The details Ravitch lays on the table here are astonishing. Some are also hilarious: educational bureaucrats in California ruled against one edition of The Little Engine That Could—a long-time favorite in the kindergarten leagues—because the andiropomorphic engine in the illustration appeared to be male. Rated equally risible on my scorecard are the guidelines employed by Holt concerning Jews. It appears that textbooks published by the company for use in California may not depict Jews as diamond cutters, jewelers, doctors, dentists, lawyers, classical musicians, tailors, or shopkeepers. Hard-hitting outfielders appear to be okay.
Three publishers—Glencoe, Houghton Mifflin, and Prentice Hall—employ the same individual, who is based at the Council on Islamic Education, to review all references to Islam. Since criticism is unthinkable in writing about religion, the history texts are, in Ravitch’s words, “tongue-tied when dealing with Islamic fundamentalism.” A Harcourt Brace textbook called World History: The Human Experience blandly explains that the radical Islamists want to “return to Muslim traditions” (the nature of the traditions is not identified), and compares them with conservative Protestants in the United States.
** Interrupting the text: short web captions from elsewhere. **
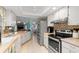 Spacious kitchen featuring stainless steel appliances and an open layout that connects to the living and dining areas at 2141 Rio De Janeiro Ave, Punta Gorda, FL 33983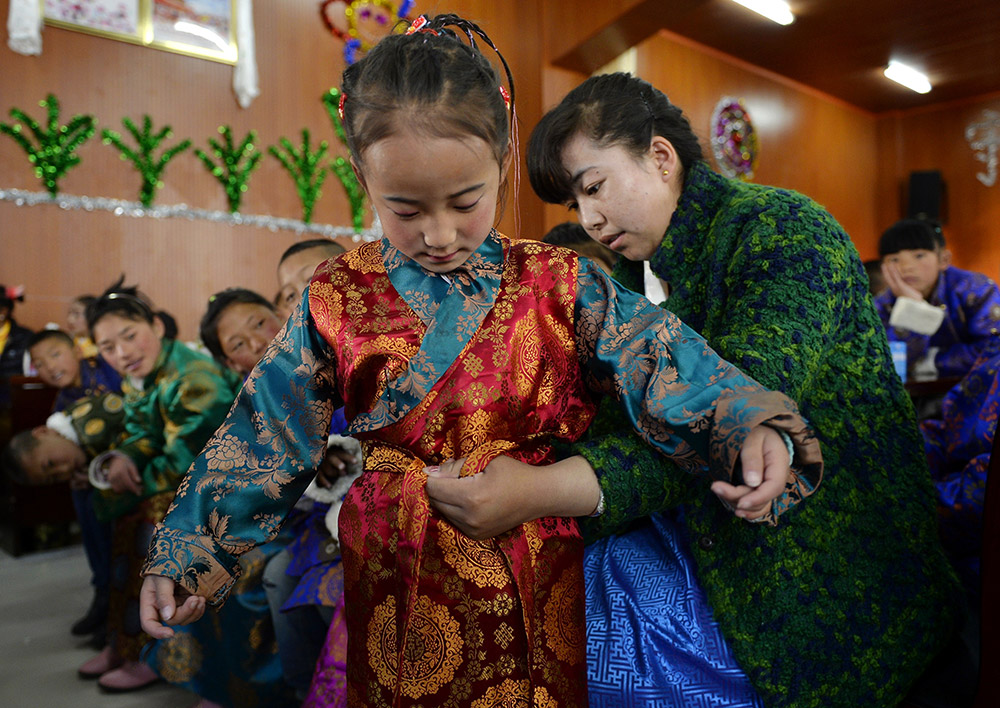 2月27日，在西藏自治區(qū)兒童福利院，來自拉薩市尼木縣的“愛心媽媽”德慶旺姆（右）在為來自那曲地區(qū)的嘎瑪曲宗換上節(jié)日盛裝。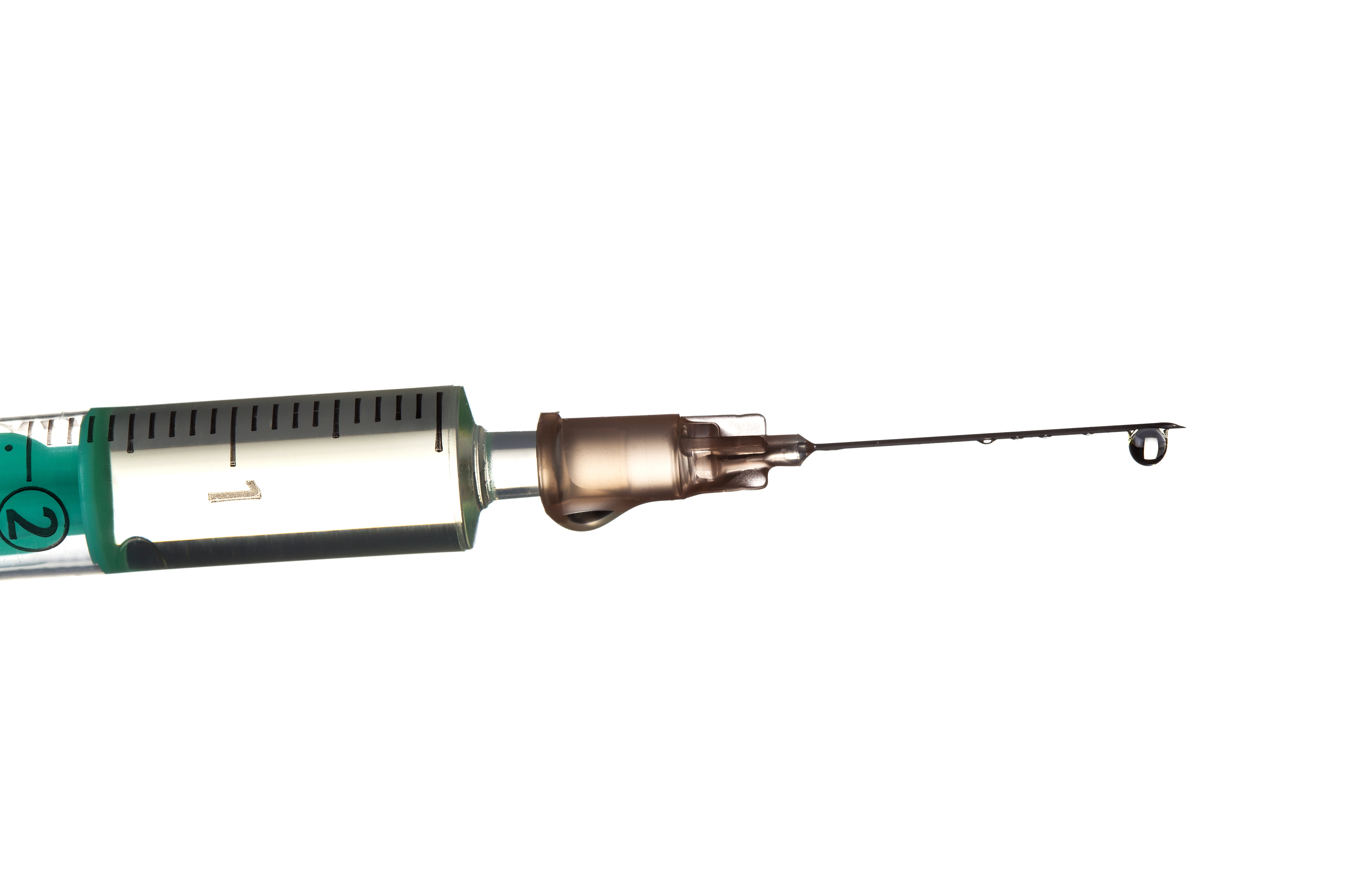 Drop on top of a syringe needle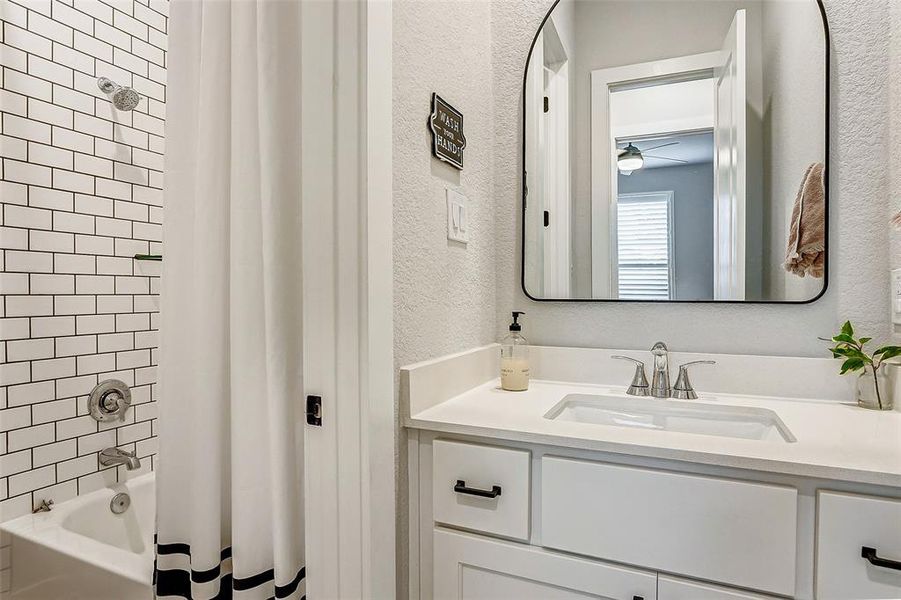 Guests will enjoy getting refreshed in the full tub shower combo with beautiful subway tile and Schluter trim from floor to ceiling.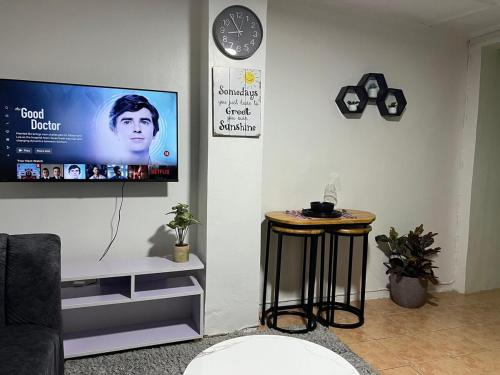 a living room with a flat screen tv on a wall at Pequeno Cielo staycation in Nairobi
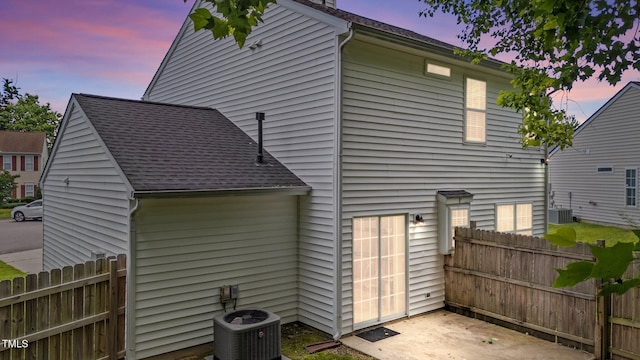 4221 Ivy Hill Rd, Raleigh, NC 27616 - back of house with central air condition unit and a shingled roof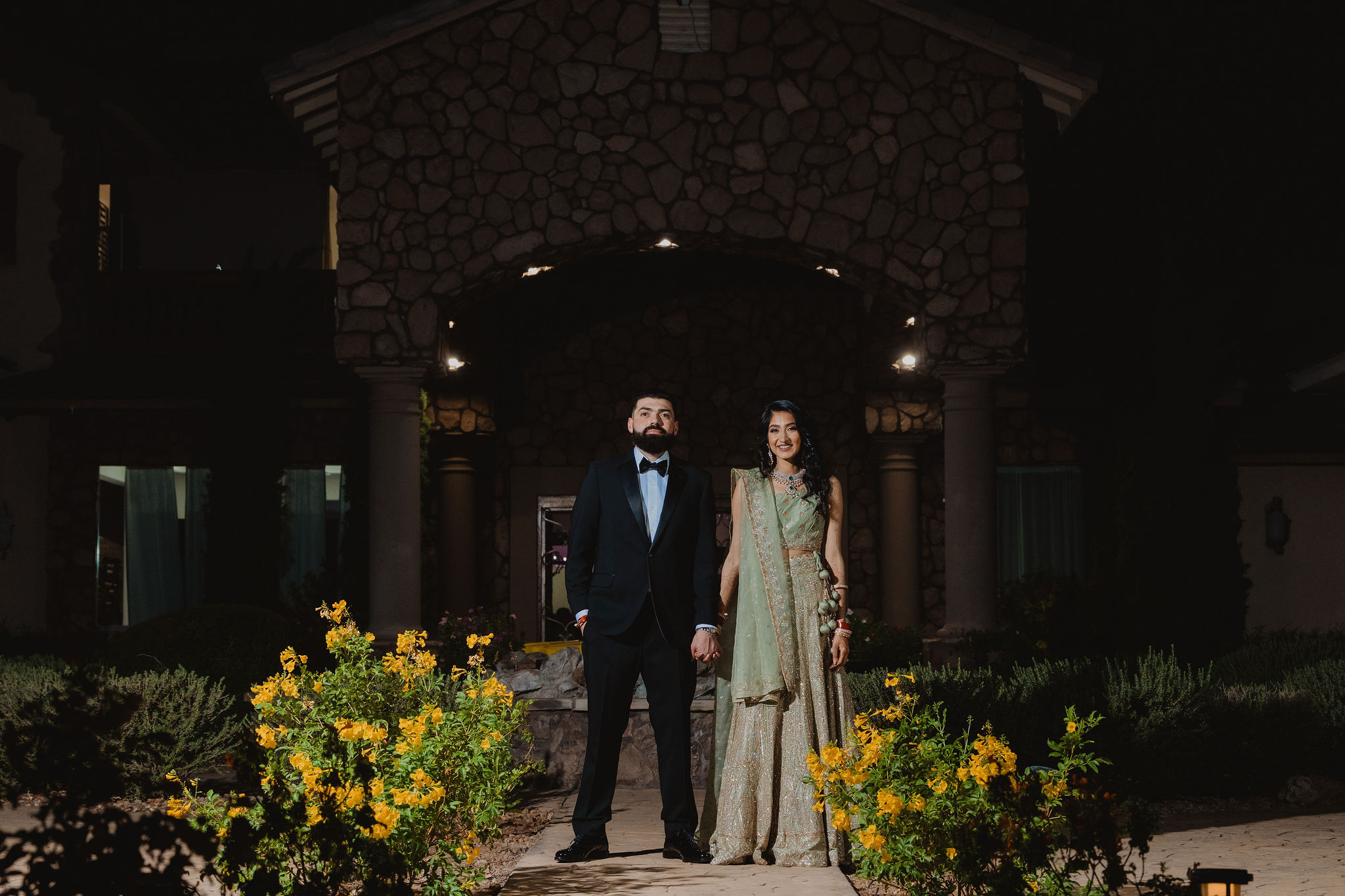 Amrit and Yousef in a night portrait after their wedding reception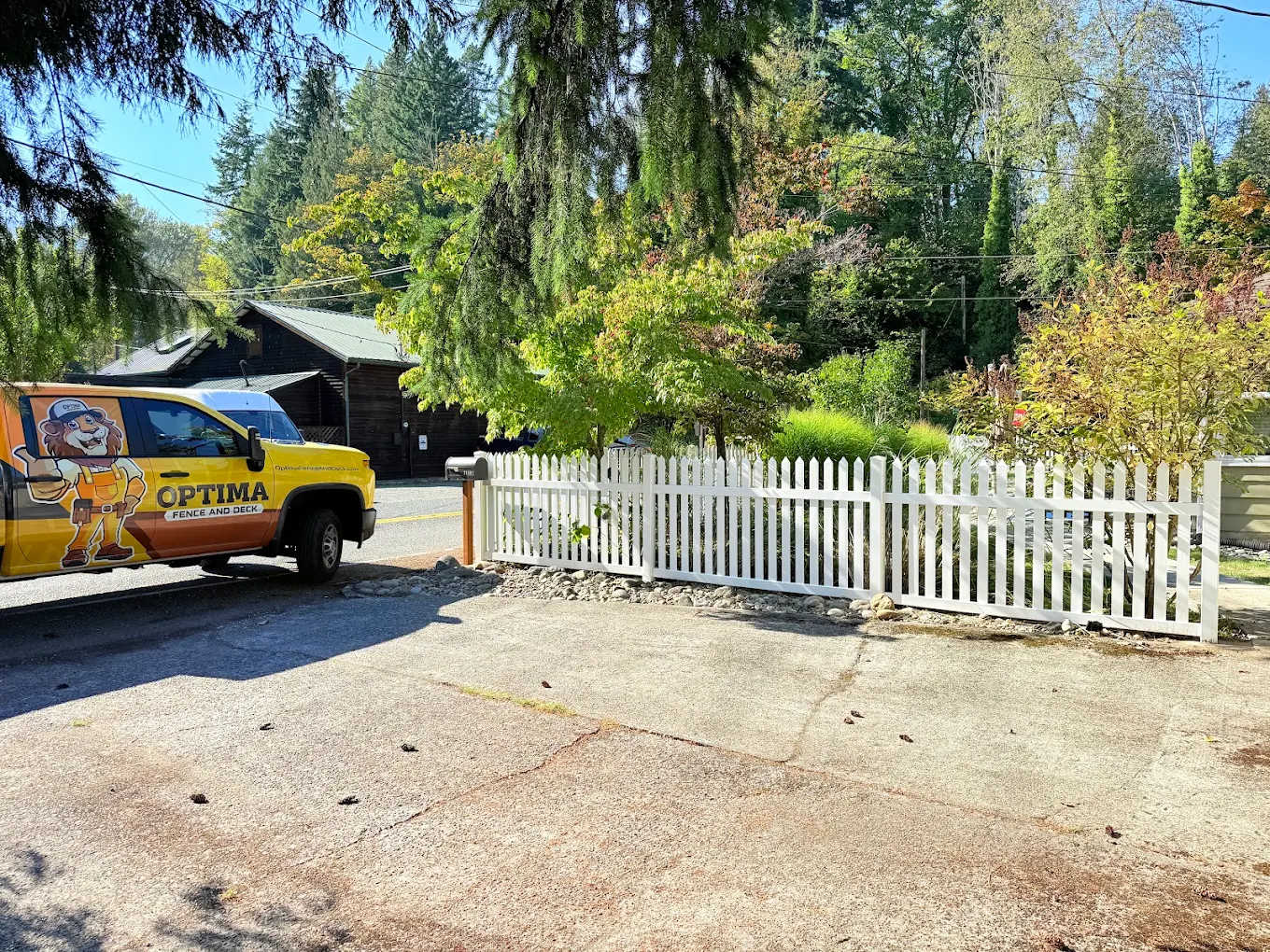 White vinyl picket fence at a residential property with an Optima Fence and Deck branded yellow work truck parked nearby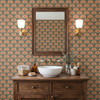 Alderley Tulip Wallpaper in a bathroom with dark wood vanity, square mirror, brass sconces, and terracotta green floral pattern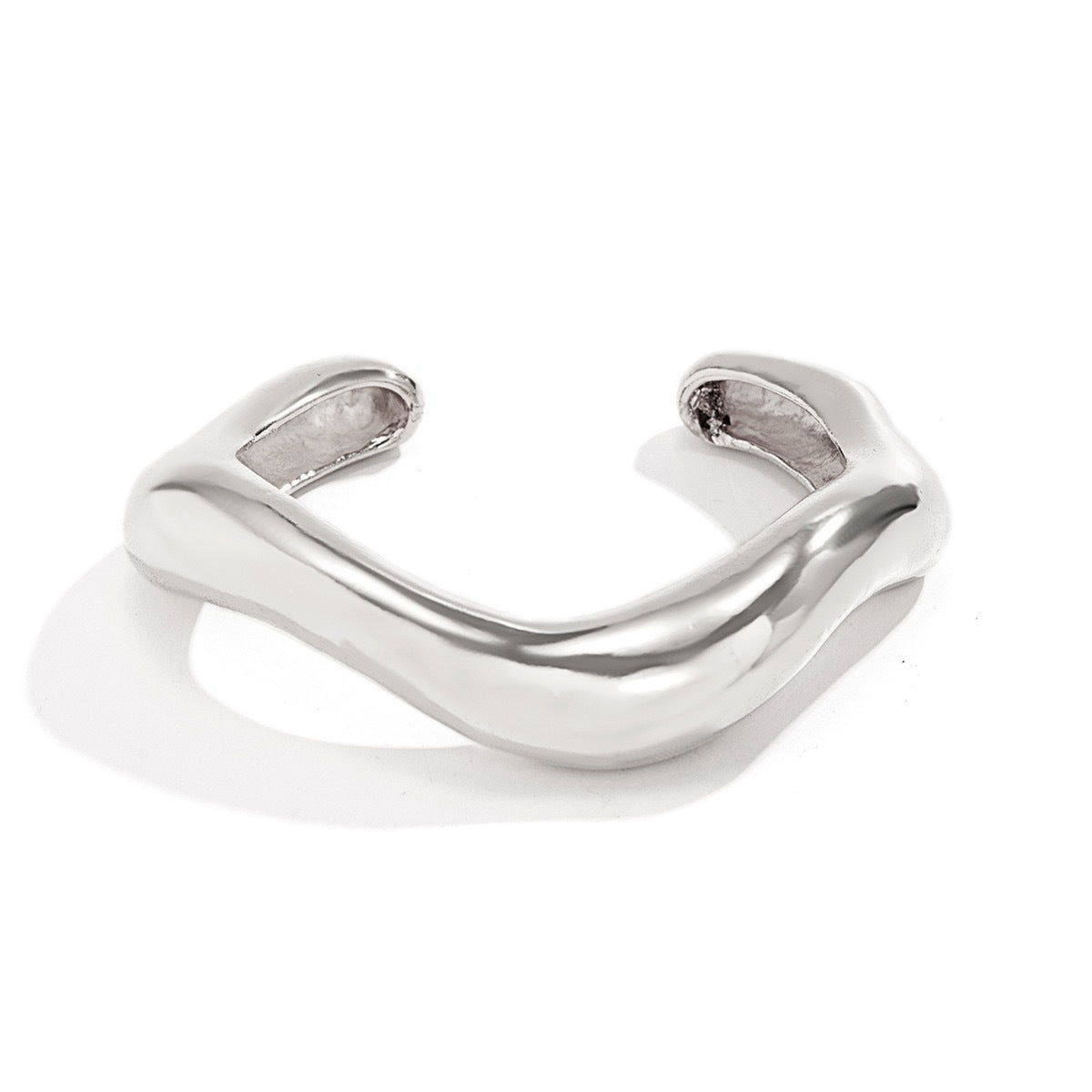 Bracciale rigido a molla in metallo placcato lucido a goccia geometrica di moda da donna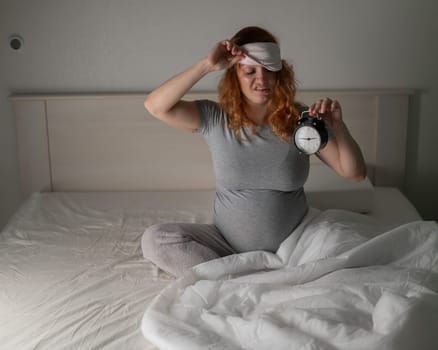 Caucasian pregnant woman sits in bed and holds an alarm clock. insomnia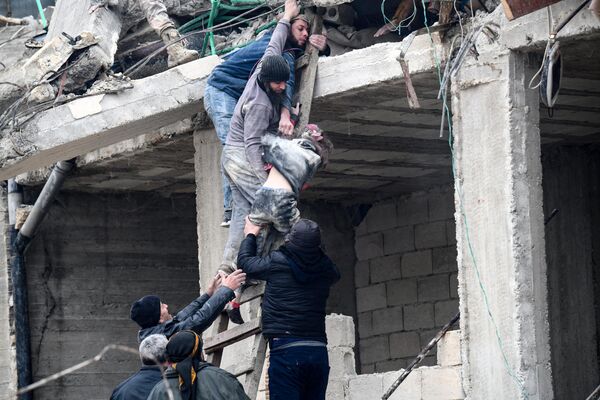 Жители извлекают раненую девочку из-под обломков разрушенного здания после землетрясения в городе Джандарис, в сельской местности города Африн на северо-западе Сирии. - Sputnik Беларусь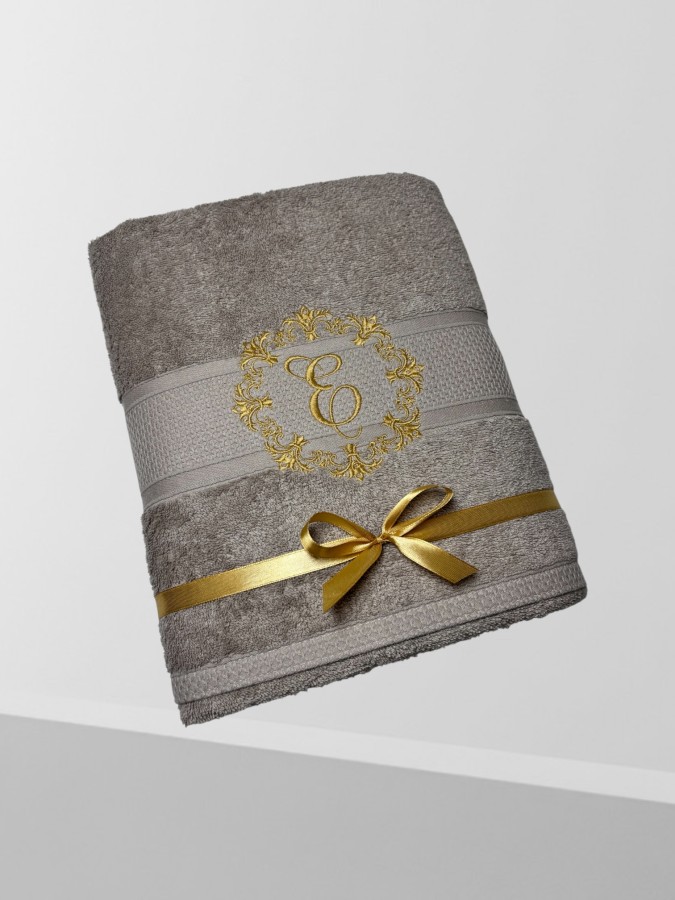 Rankšluostis su inicialiu "Elegancija"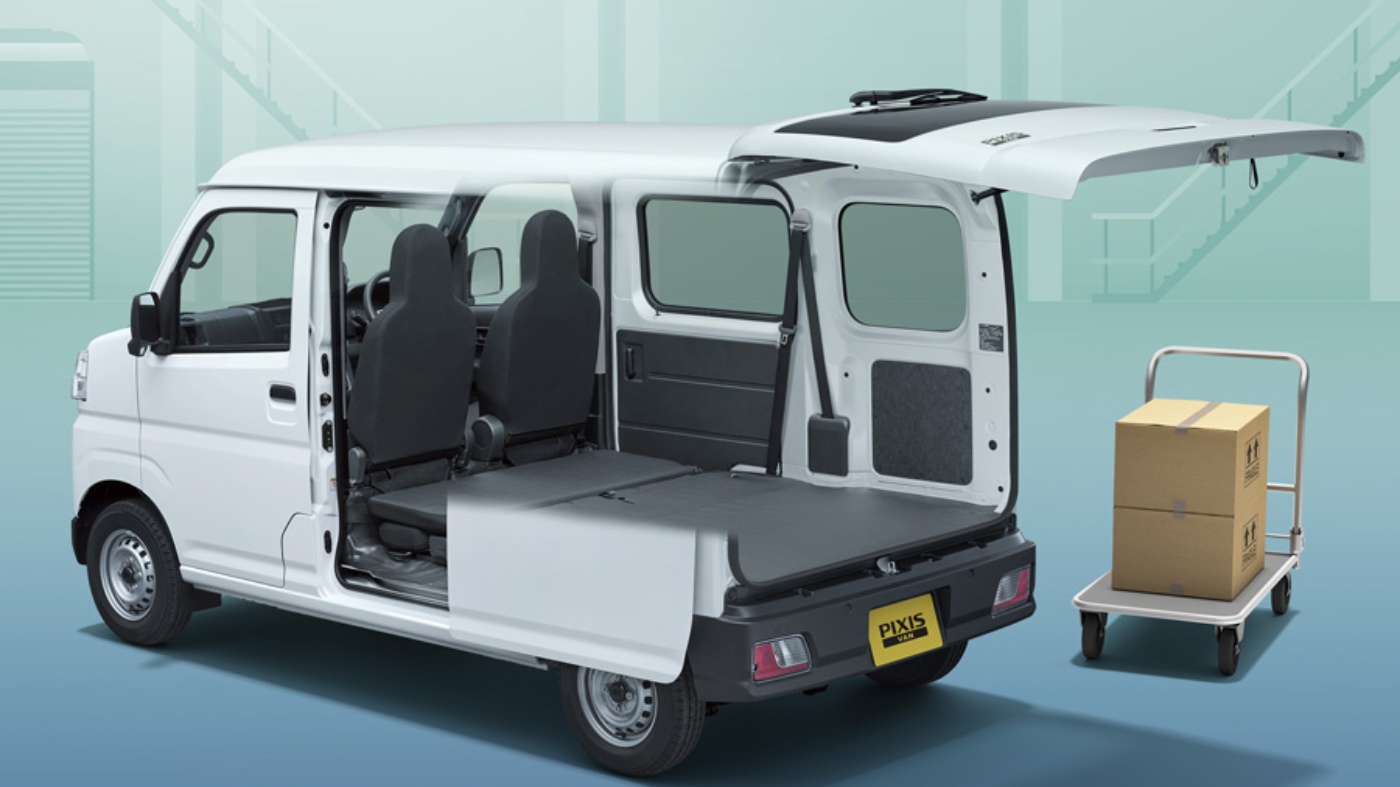 Small van with open rear and side doors shows flat cargo space next to a trolley with boxes.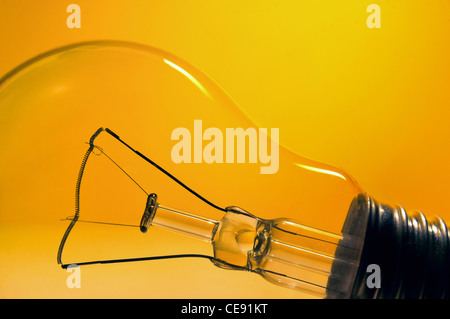 Fuori picco elettricità - Lampadina luce arancione su sfondo colorato Foto Stock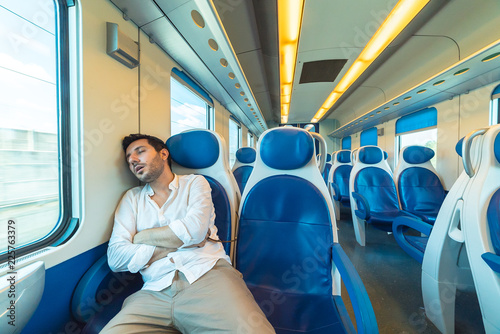 tired elegant man sleeping on the train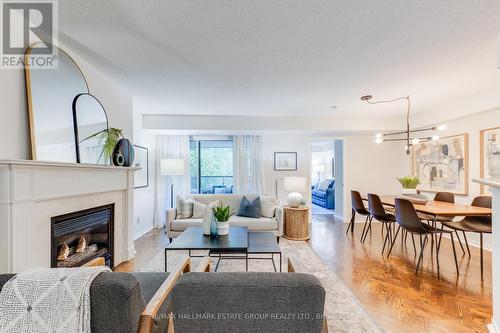 202 - 38 Avoca Avenue, Toronto (Rosedale-Moore Park), ON - Indoor Photo Showing Living Room With Fireplace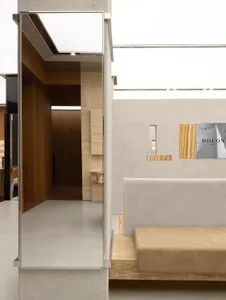 Modern retail storefront featuring concrete and marble materials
The regulations governing textbook production guarantee not only that the books will be staggering bores, but that they will be expensive to produce. The expense problem is magnified by the common requirement that successive new editions bring things up to date—that modern-history texts take note of, say, the latest President, even if in a passing reference. The heavy investment costs, combined with the special expertise needed to navigate the regulatory requirements, means that th]e barriers to enter the industry are high. Ravitch leaves one persuaded that textbook publishers today are a regulated monopoly, not a competitive industry.
She also believes that better texts would emerge in a deregulated environment, and in a final chapter briefly outlines a three-step proposal for bringing this about. The process would begin with elimination of the statewide purchasing process; feature a “sunshine” program in which both publishers and state education departments would make public their bias-and-sensitivity guidelines; and, finally, encourage an educational system in which teachers are better-trained and less dependent on textbooks.
I did not find this convincing—possibly because the proposal is so brief and sketchy, possibly because Ravitch’s program would require an aroused majority of parents who, so far, at least, show no signs of understanding that the textbooks are so terrible. And possibly because, in the pages leading up to the proposal, Ravitch has so persuasively pointed up the deeply entrenched nature of the censorship regime.